Broad notions of attorney-client privilege seemed to find a friend Monday in Judge Marilyn Hall Patel's courtroom.
The San Francisco federal judge expressed strong skepticism toward an attempt by former McAfee general counsel Kent Roberts to obtain interview notes from the internal investigation of stock option backdating at the company.
"What happens to privilege these days? Doesn't this totally eviscerate it?" Patel asked.
The Securities and Exchange Commission sued Roberts for securities fraud, and he is also under a criminal indictment related to backdating. Lawyers from Howrey, which performed the investigation, say their interview notes should remain confidential because they were never disclosed to the government. Roberts' lawyers at Cooley Godward Kronish argue they should be turned over because McAfee relied on them in communicating with the feds, which constitutes a waiver.
Turning over the notes would have strong public policy consequences, Patel said, because companies may end up being deprived of an internal mechanism to root out wrongdoing.
"Opening the door by this broad waiver," Patel said, her voice dripping with distaste, "really proves to be too much, I think."
The judge did not rule from the bench.
William Freeman, the Cooley partner representing Roberts in his SEC case, declined to comment. During the hearing, though, Freeman argued that important public policy questions were in play from Roberts' perspective as well -- fairness in the way the company acted after its probe.

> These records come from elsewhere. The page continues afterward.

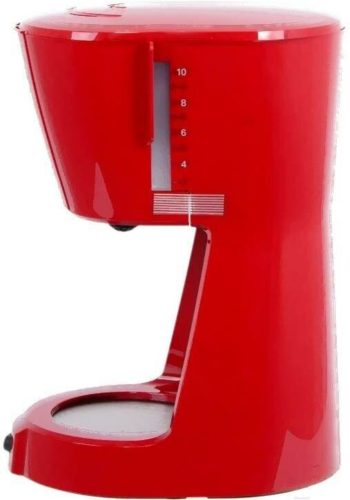 Кофеварка капельная Bosch CompactClass Extra TKA 3A031/3A034 - материал корпуса: пластик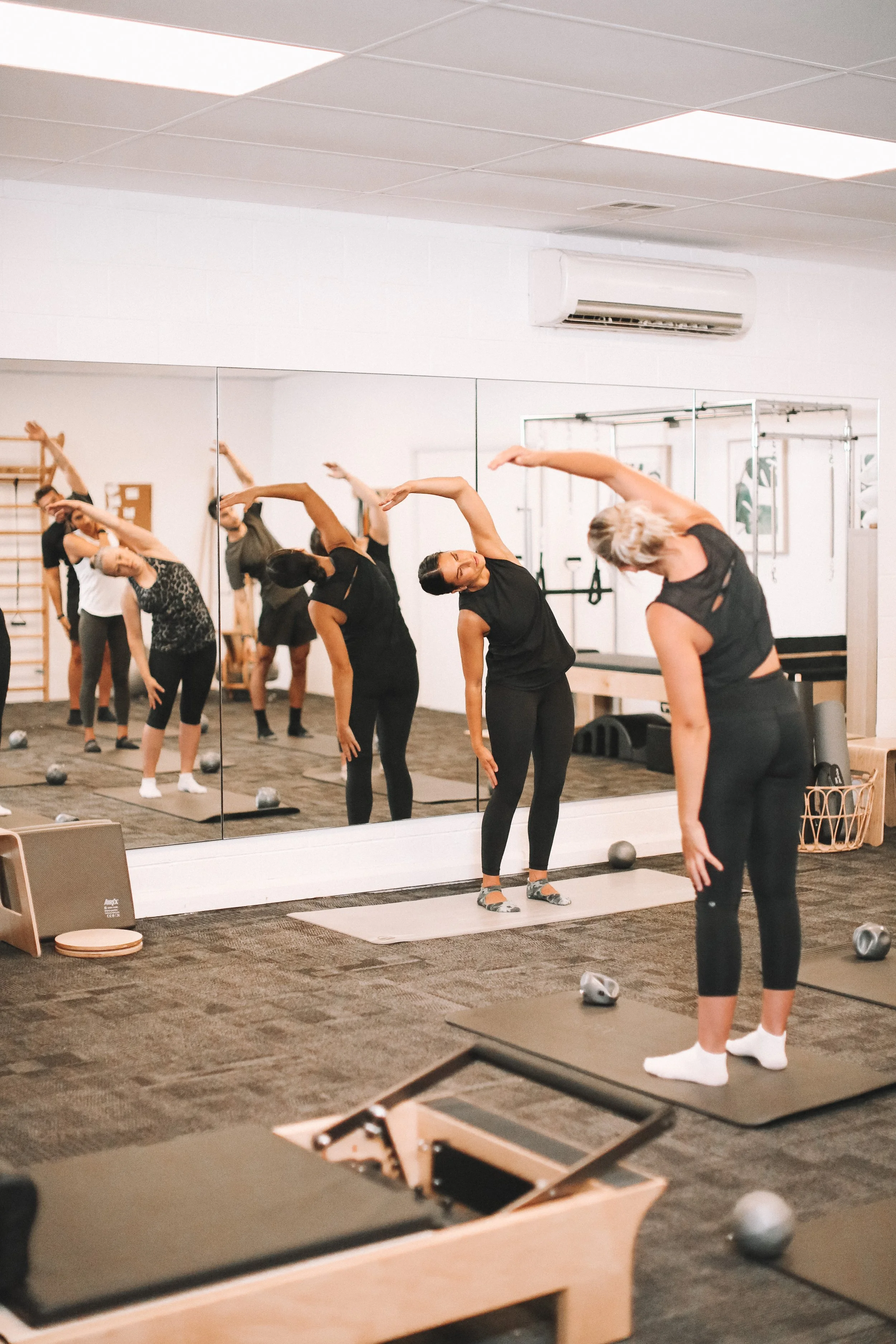 Info Hub — Align Health Solutions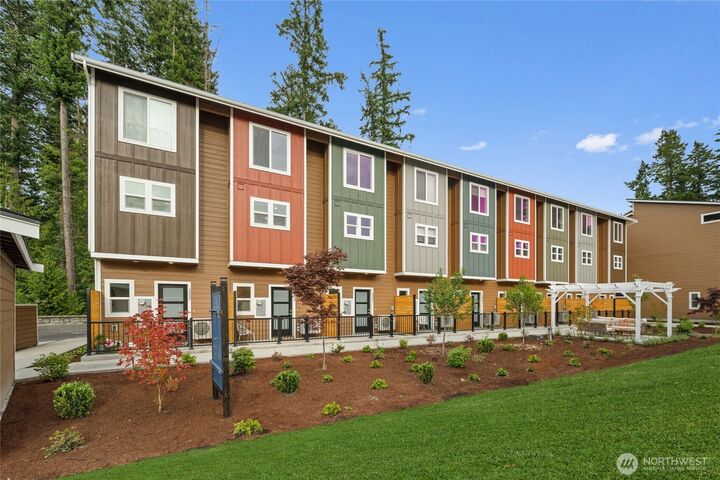 Property Photo: 1349 Nolta Loop NE WA 98110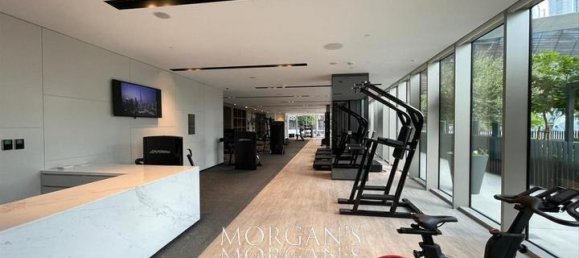 2 غرف نوم شقة في وسط مدينة دبي, UAE رقم 42830 31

"The company decided to share the results with everyone on the other side of the company, but him," Freeman said.
The Cooley partner challenged Howrey's argument that it had not provided the actual interview notes to the government. Because the firm talked to the government about the investigation, the notes should be considered part of a broader subject matter waiver, he said.
Howrey partner Robert Gooding Jr. acknowledged that financial auditors had asked whether certain employees were "clean" or "dirty" in terms of stock options backdating, and that Howrey had answered them. Freeman used that as part of his argument that the company had waived privilege by discussing the probe with outsiders.
But Patel did not seem swayed. During the hearing, Gooding's role appeared to be merely to encourage Patel's lines of thinking.
A waiver is going to have a "real impact on whether companies do these investigations in the future," Gooding intoned.
Patel also drew distinctions between Roberts' case and other recent decisions holding that privilege had been waived as to internal investigations. In those cases, including one involving Maxim Integrated Products in Delaware, the judge ordered in camera review of the material.
Freeman said he wouldn't object to that route, but that he also didn't think it would be necessary.
Patel asked the parties for more briefs, in part focusing on why discovery in Roberts' SEC case shouldn't just be put on hold until after his criminal trial, which on Monday was pushed back to June. Such a move would deprive Roberts' criminal defense team of using discovery obtained from the SEC case.